:: GOAL OF THE EXERCISE ::
I need the entries printed again word for word, without the images.

[Excerpts from a dataset]
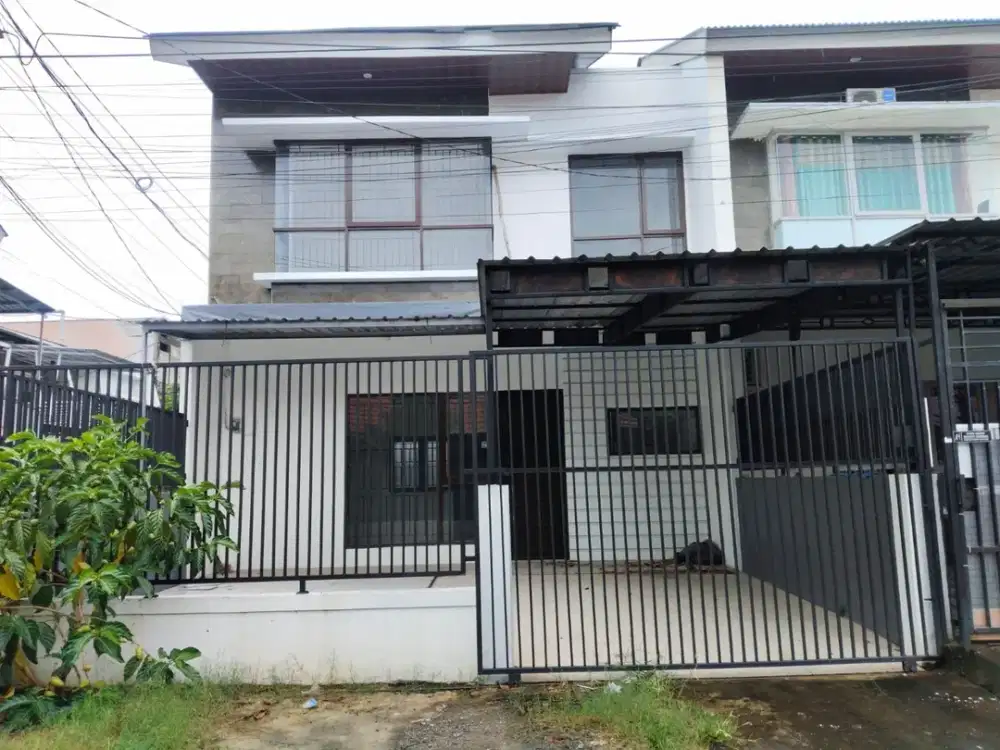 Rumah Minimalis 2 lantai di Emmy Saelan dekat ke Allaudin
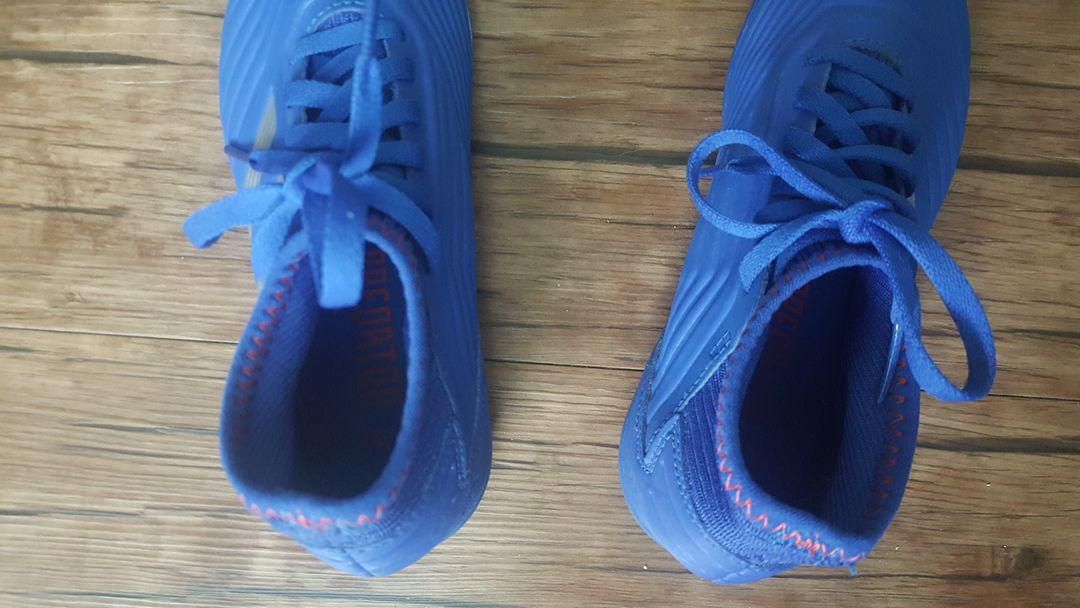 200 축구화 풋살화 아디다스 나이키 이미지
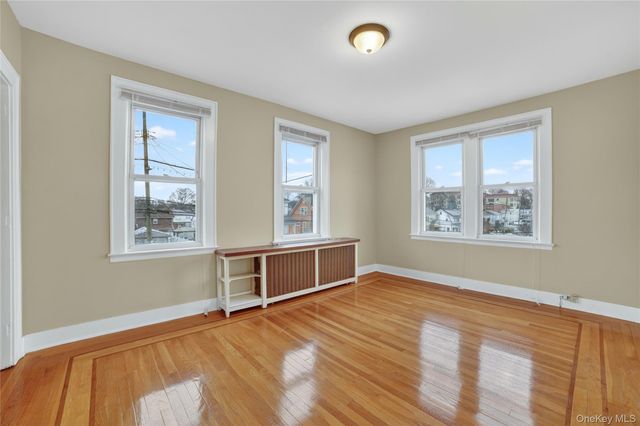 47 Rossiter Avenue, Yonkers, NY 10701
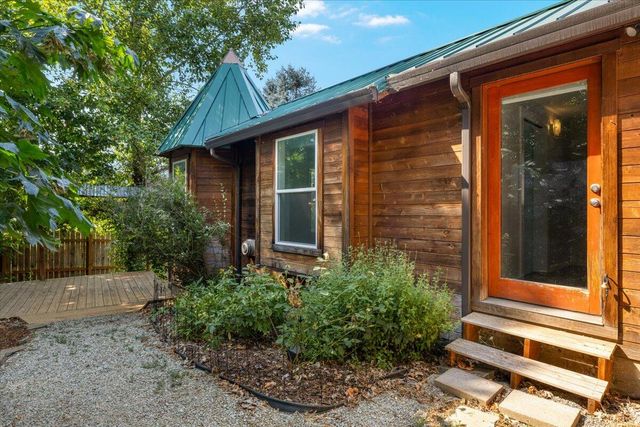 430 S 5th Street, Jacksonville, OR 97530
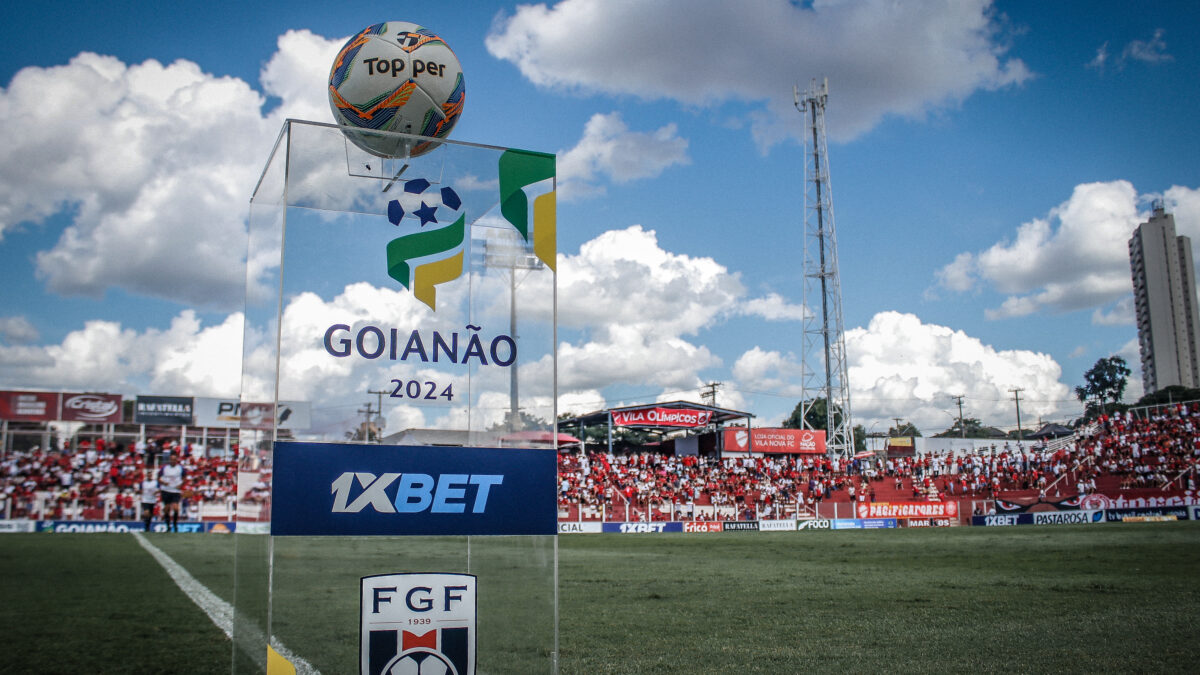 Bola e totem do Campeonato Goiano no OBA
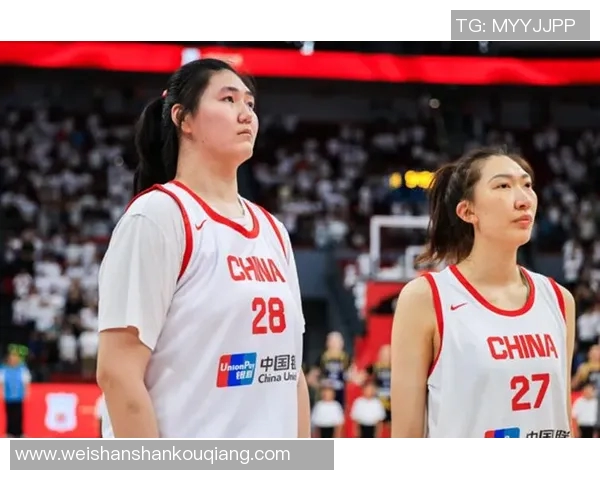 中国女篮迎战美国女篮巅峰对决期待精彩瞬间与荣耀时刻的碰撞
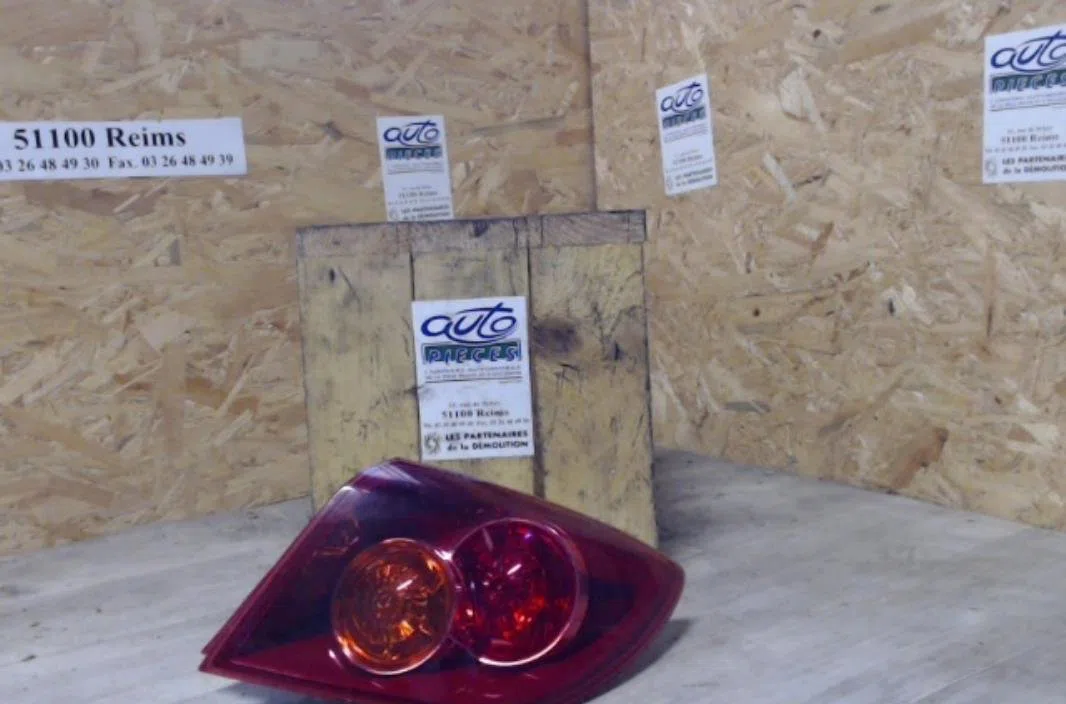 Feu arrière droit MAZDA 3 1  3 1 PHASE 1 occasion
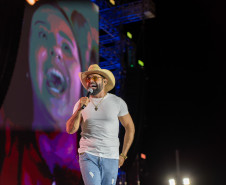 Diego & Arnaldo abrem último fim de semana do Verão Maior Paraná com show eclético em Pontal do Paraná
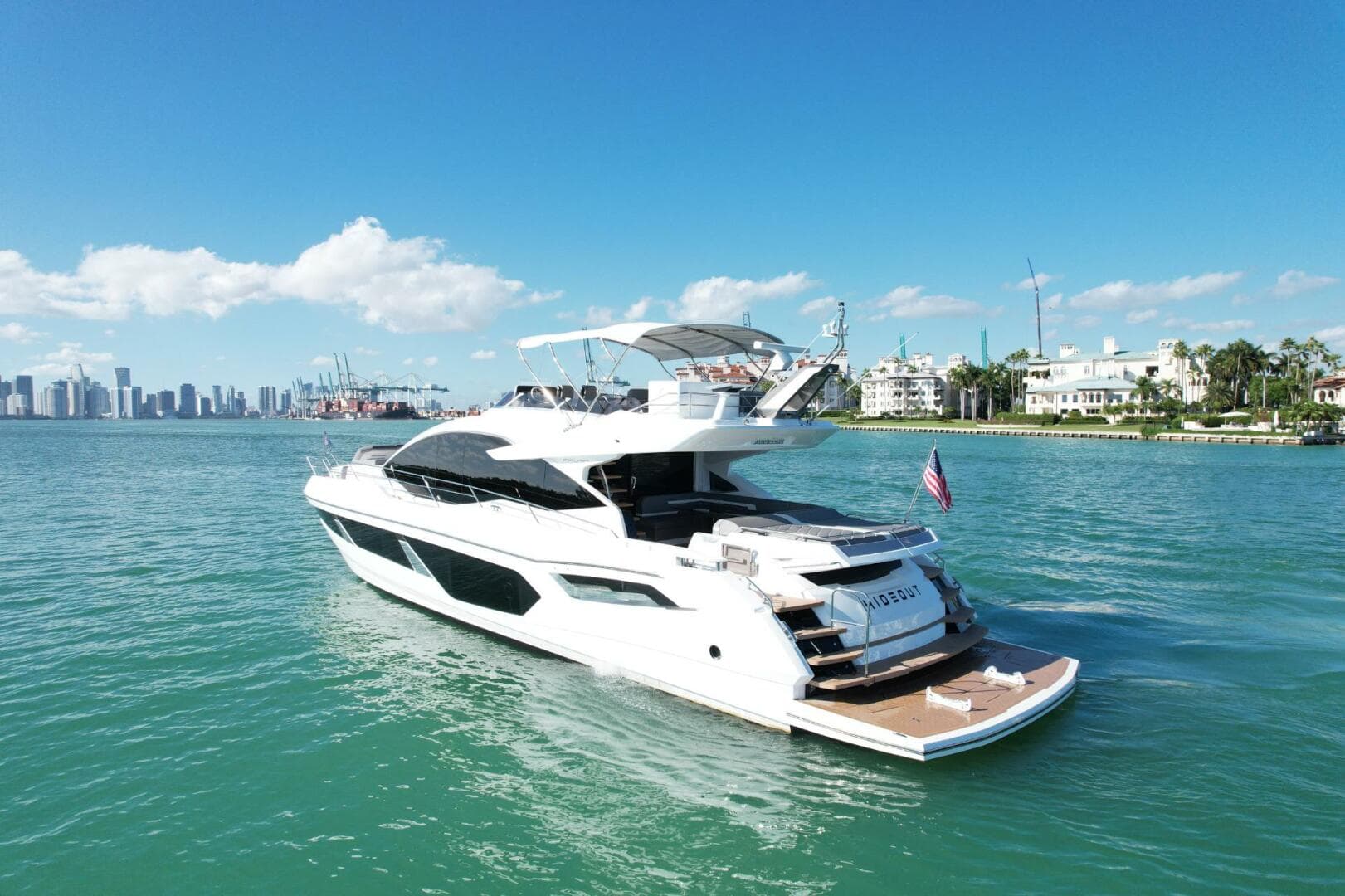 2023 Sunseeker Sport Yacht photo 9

:: FINISHED TASK ::
 Rumah Minimalis 2 lantai di Emmy Saelan dekat ke Allaudin
 200 축구화 풋살화 아디다스 나이키 이미지
 47 Rossiter Avenue, Yonkers, NY 10701
 430 S 5th Street, Jacksonville, OR 97530
 Bola e totem do Campeonato Goiano no OBA
 中国女篮迎战美国女篮巅峰对决期待精彩瞬间与荣耀时刻的碰撞
 Feu arrière droit MAZDA 3 1  3 1 PHASE 1 occasion
 Diego & Arnaldo abrem último fim de semana do Verão Maior Paraná com show eclético em Pontal do Paraná
 2023 Sunseeker Sport Yacht photo 9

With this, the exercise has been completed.